[STORED DATA]
--- START ---

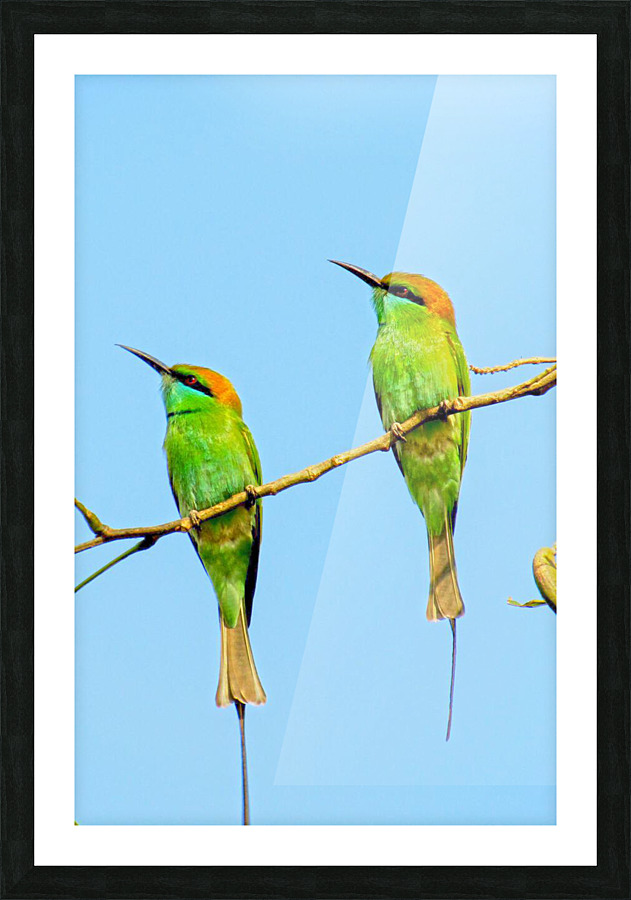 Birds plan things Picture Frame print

--- END ---
--- START ---

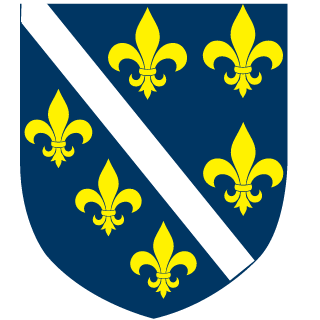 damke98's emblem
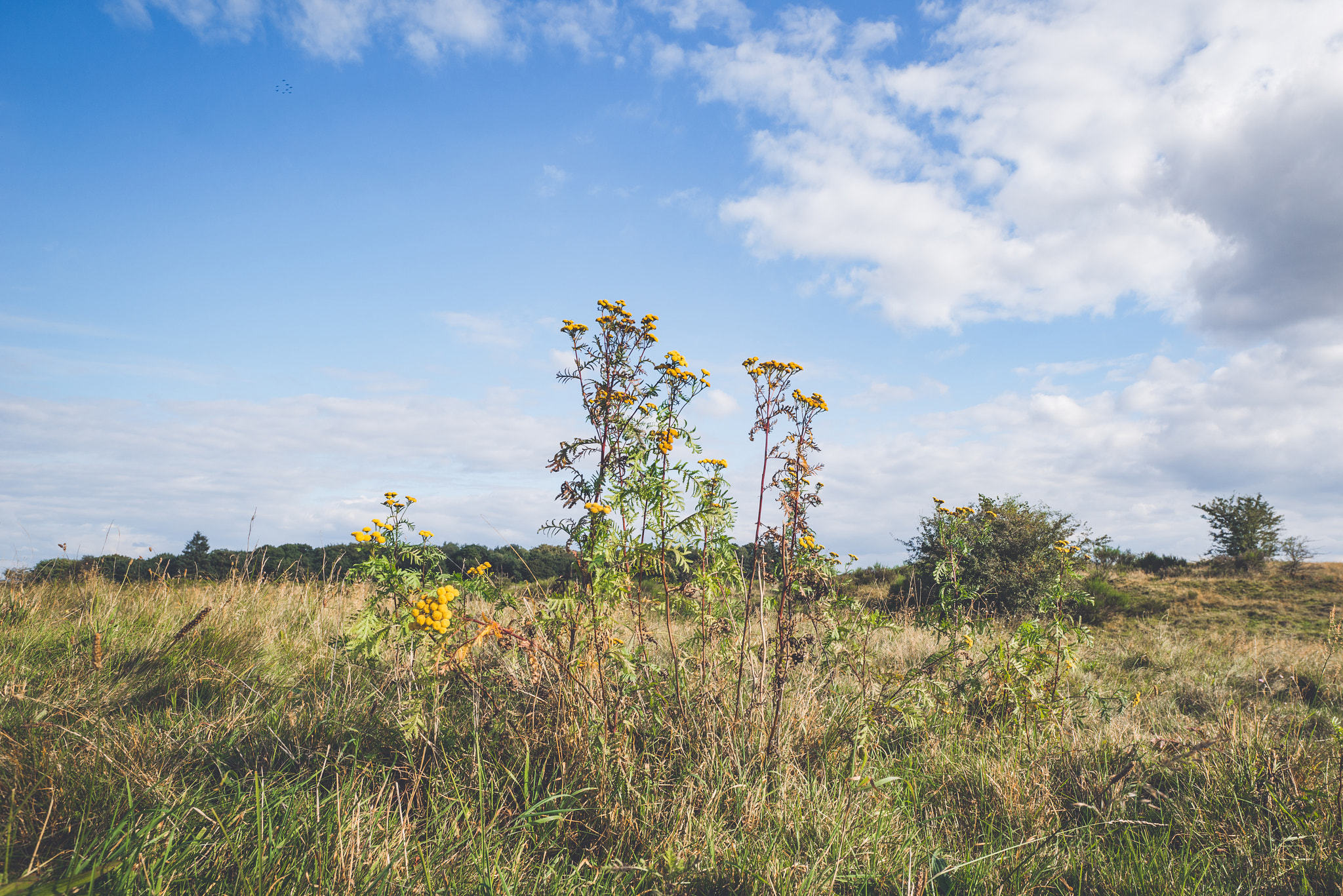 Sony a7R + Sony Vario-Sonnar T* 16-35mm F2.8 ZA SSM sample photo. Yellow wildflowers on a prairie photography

--- END ---

All that is wanted is the lines above between the one containing "damke98's emblem" and the one containing "Sony a7R + Sony", inclusive, restated word for word, with pictures omitted.

 damke98's emblem
 Sony a7R + Sony Vario-Sonnar T* 16-35mm F2.8 ZA SSM sample photo. Yellow wildflowers on a prairie photography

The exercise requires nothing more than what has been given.